## EXTRACTED RECORDS:

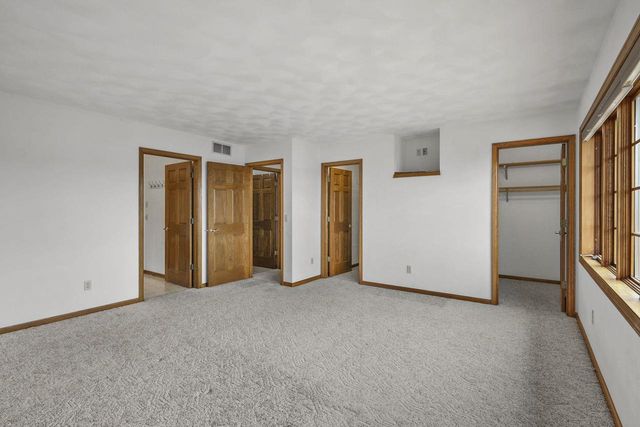 N2756 Demynck Road, Lodi, WI 53555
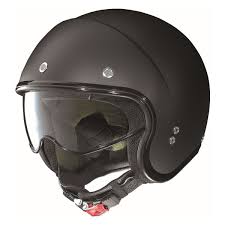 Nolan N21 Vintage Durango Helmet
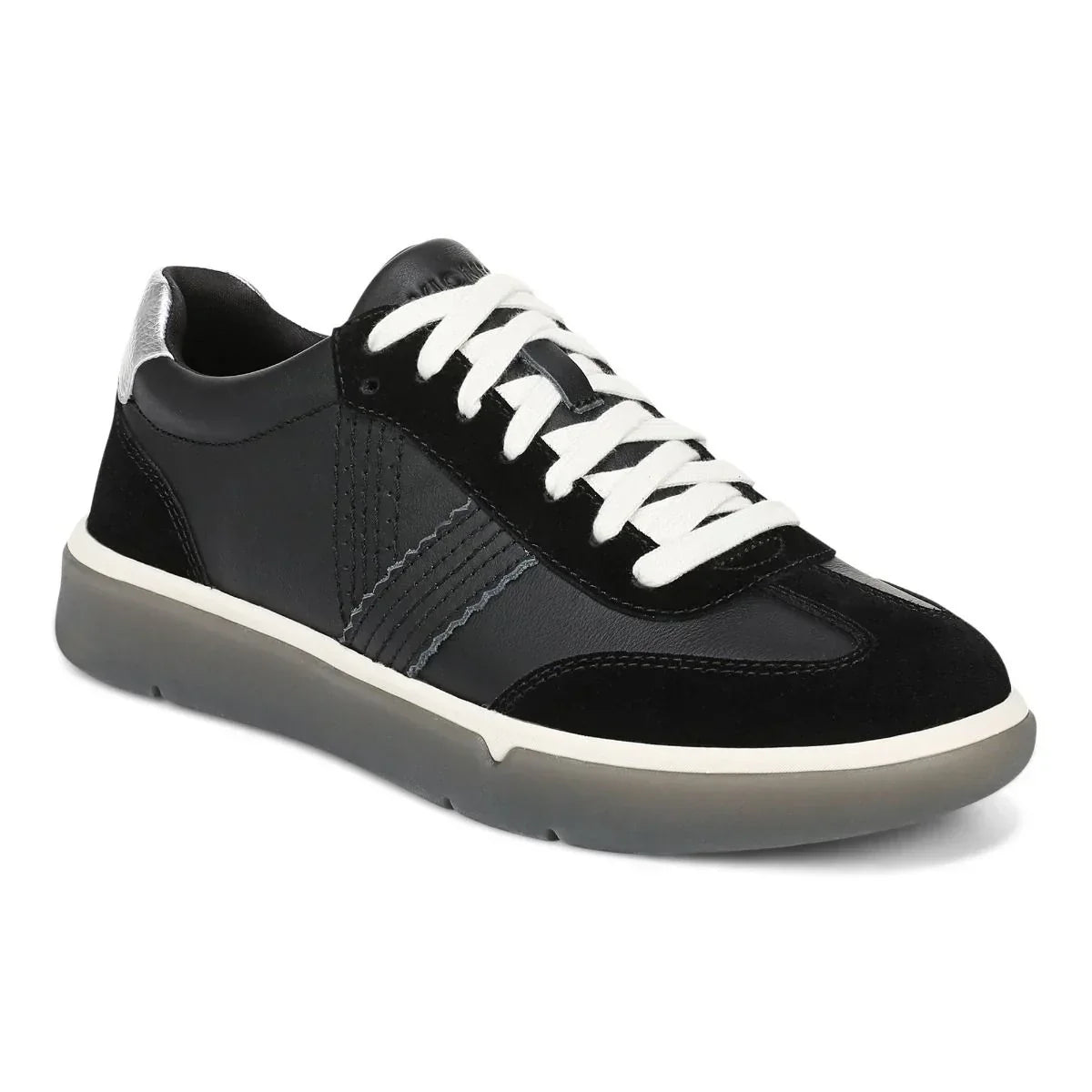 City Walk Sneaker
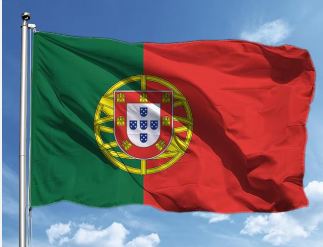 Foto - Akaryakıtın litresini 50 kuruştan satmaya başladılar! Yanlış duymadınız, sadece 50 kuruş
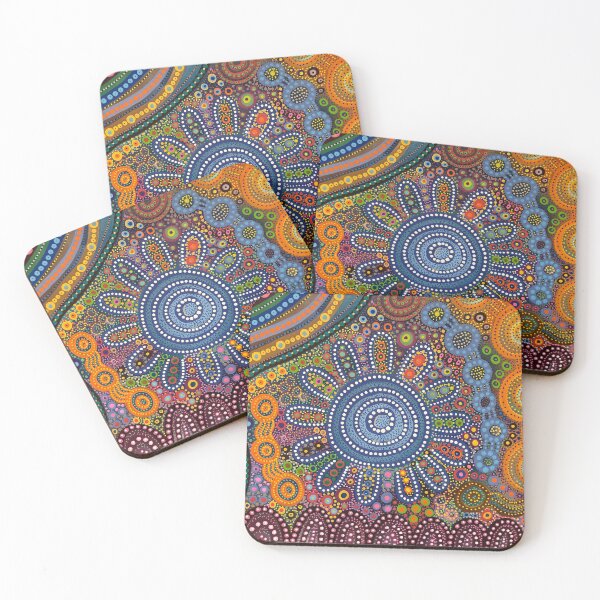 Item preview, Family Gathering  designed and sold by ReneeClifton.
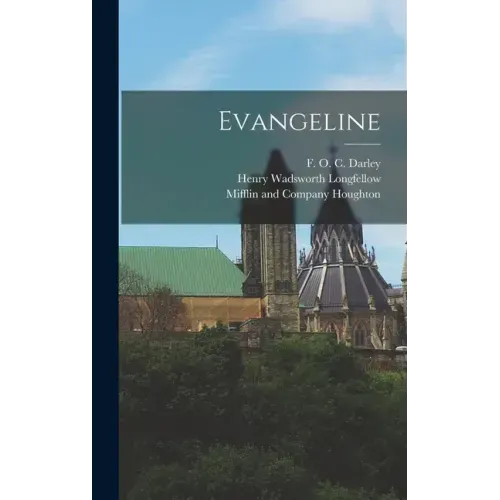 Evangeline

## TASK INSTRUCTIONS:
In the copy, include each line from the start of the material through the line with "Item preview, Family", word for word, but none of the pictures.

## TASK ANSWER:
 N2756 Demynck Road, Lodi, WI 53555
 Nolan N21 Vintage Durango Helmet
 City Walk Sneaker
 Foto - Akaryakıtın litresini 50 kuruştan satmaya başladılar! Yanlış duymadınız, sadece 50 kuruş
 Item preview, Family Gathering  designed and sold by ReneeClifton.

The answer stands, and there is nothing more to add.